Prior to yesterday’s MPC meeting, the market didn’t expect the Bank of England to raise the base rate until Q1 2019 however, following a surprise decision by one of the policymakers at yesterday’s policy meeting to vote for a rate increase, the market has now shifted the timing of the first rate hike to Q4, 2018. Sterling also responded, rising over 1% against the dollar and the euro, although the vote was still 8:1 in favour of no change to rates and the dissenter, Kristin Forbes, is due to leave the Bank of England in June; other members said it would not take much for them to follow suit, signalling the risk of a shift to a more hawkish stance soon. In other positive news, the Bank of England also increased slightly its forecast for Q1 growth to 0.6%.
With global inflation and growth numbers moving higher, there does seem to be a discernible shift towards a normalisation of the rates environment. The minutes from the MPC meeting said that it would take “relatively little upside news on activity or inflation” for members to vote for higher rates. While political risk remains elevated, these comments do suggest that the pound has the potential to make strong gains should the economy continue to show gains. Coincident releases like the Purchasing Managers Indices will be closely watched by the market.
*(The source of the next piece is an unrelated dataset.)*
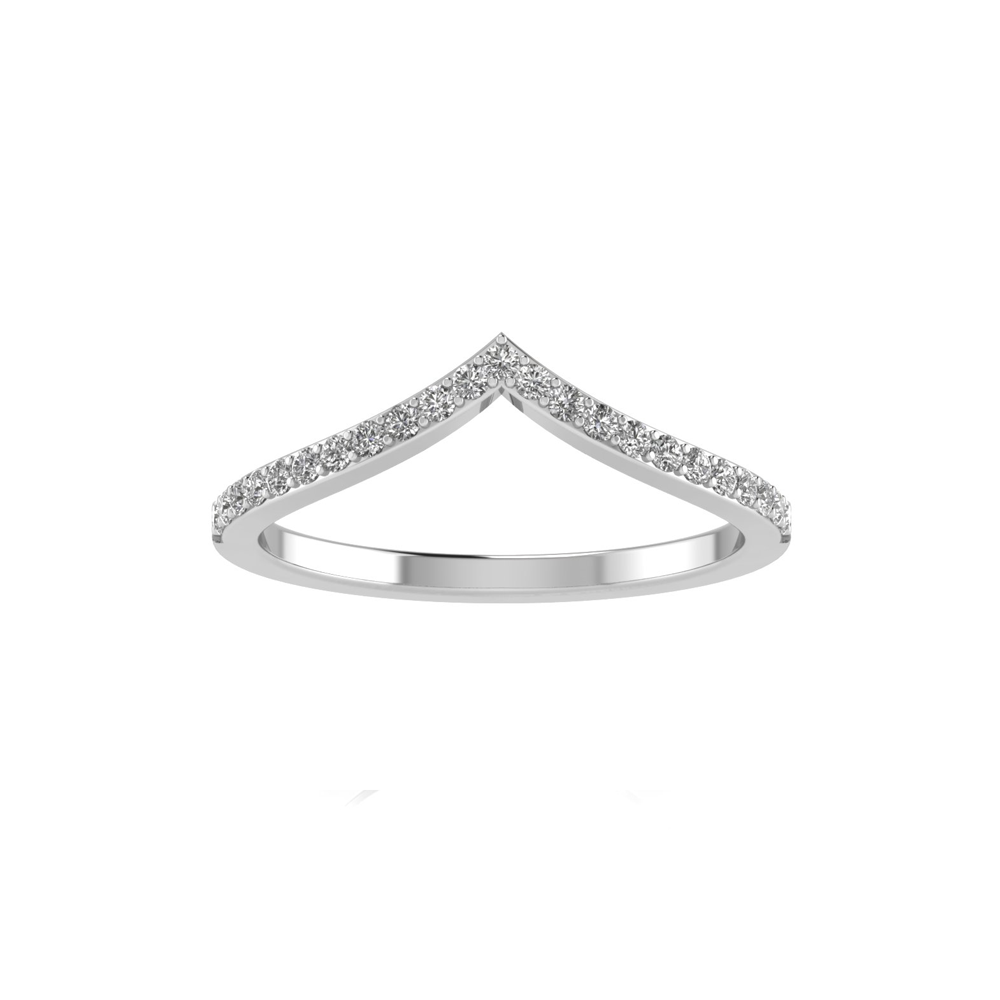 Mini Diamond Chevron Tiara Band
While the MPC is adopting a more hawkish stance, the less hawkish stance from the Federal Reserve earlier in the week has seen the US$ lose ground with the dollar index down 1% on the week. Emerging currencies responded well with a number of Asian currencies posting large gains, in particular the Taiwan dollar which made it biggest weekly gain in 5 years and the South Korean Won which made its biggest weekly gain in 8 months.
The euro has made good gains over the past week as the anti-EU PVV party failed to make the gains that some commentators had predicted. The euro is approaching year-to-date highs against the euro and the dollar. While spot FX performance has been good, it is worth remembering that the pivotal French presidential elections are just around the corner. FX options markets are increasingly pricing in the risk that Le Pen could perform strongly with the cost to buy insurance against a fall in the euro spiking for contracts with expiries occurring around the elections in late April, early May.